The eyebrows went up. 'I do, Captain. I do.'
Sharpe knew he was being tantalized, but ploughed on. 'Where?'
'Does it interest you?' Sharpe did not reply and El Catolico smiled again. 'It is our
gold, Captain, Spanish gold.'
'I'm curious.'
'Ah. Well, in that case, I can relieve your curiosity. The French have it. They captured
it two days ago, along with your gallant Captain Hardy. We captured a straggler who told us
so.'
Kearsey coughed, looked to El Catolico as if for permission to speak, and received it.
'That's it, Sharpe. Hunt's over. Back to Portugal.'
Sharpe ignored him, continued to stare at the watchful Spaniard. 'You're sure?'
El Catolico smiled, raised amused eyebrows, spread his hands. 'Unless our straggler
lied. And I doubt that.'
'You prayed with him?'
'I did, Captain. He went to heaven with a prayer, and with all his ribs removed, one by
one.' El Catolico laughed.
It was Sharpe's turn to smile. 'We have our own prisoner. I'm sure he can deny or
confirm your straggler's story.'
El Catolico pointed a finger up the stairs. 'The Polish Sergeant? Is that your
prisoner?'
Sharpe nodded. The lies would be nailed. 'That's the one.'
'How very sad.' The hands came together with a graceful hint of prayerful regret. 'I
cut his throat as I arrived.

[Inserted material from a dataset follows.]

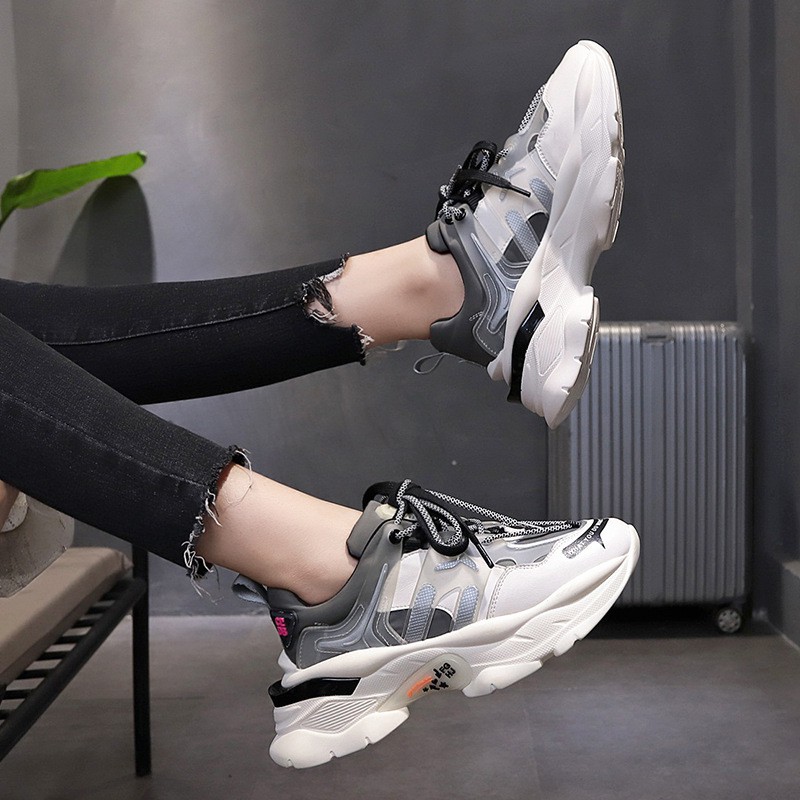 ORDER Giày cặp Sneaker| Giày đôi Nam Nữ 2 dây buộc Ulzzang (Video và ảnh thật) hàng loại 1 Fullbox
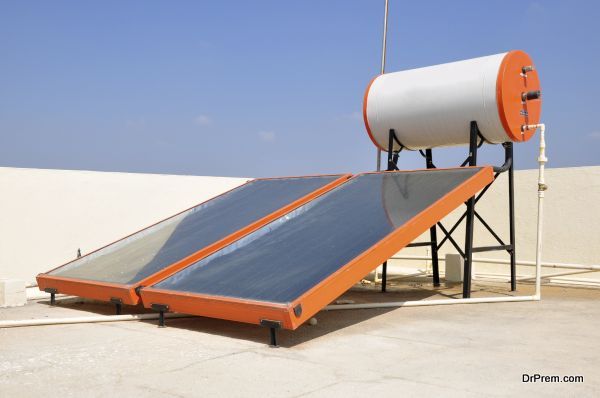آبگرمکن خورشیدی/ solar-water-heaters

In a moment of anger."
The eyes were not smiling, whatever the mouth did, and Sharpe knew this was not the
moment to accept, or even acknowledge, the delicate challenge. He shrugged, as if the
death of the Sergeant meant nothing to him, and followed the tall Spaniard up the steps and
into the hermitage that was noisy with newcomers who quietened as their leader appeared.
Sharpe stood, in the thick, sweet smell, and watched the grey-cloaked man move easily among
his followers: the figure of a leader who disbursed favour, reward, and
consolation.
A soldier, Sharpe knew, was judged not merely by his actions but by the enemies he
destroyed, and the Rifleman's fingers reached, unconsciously, for his big sword.
Nothing had been admitted, nothing openly said, but in the gloom of the vault, in the
wreckage of British hopes, Sharpe had found the enemy, and now, in the scent of death, he
groped for the way to victory in this sudden, unwanted, and very private little war.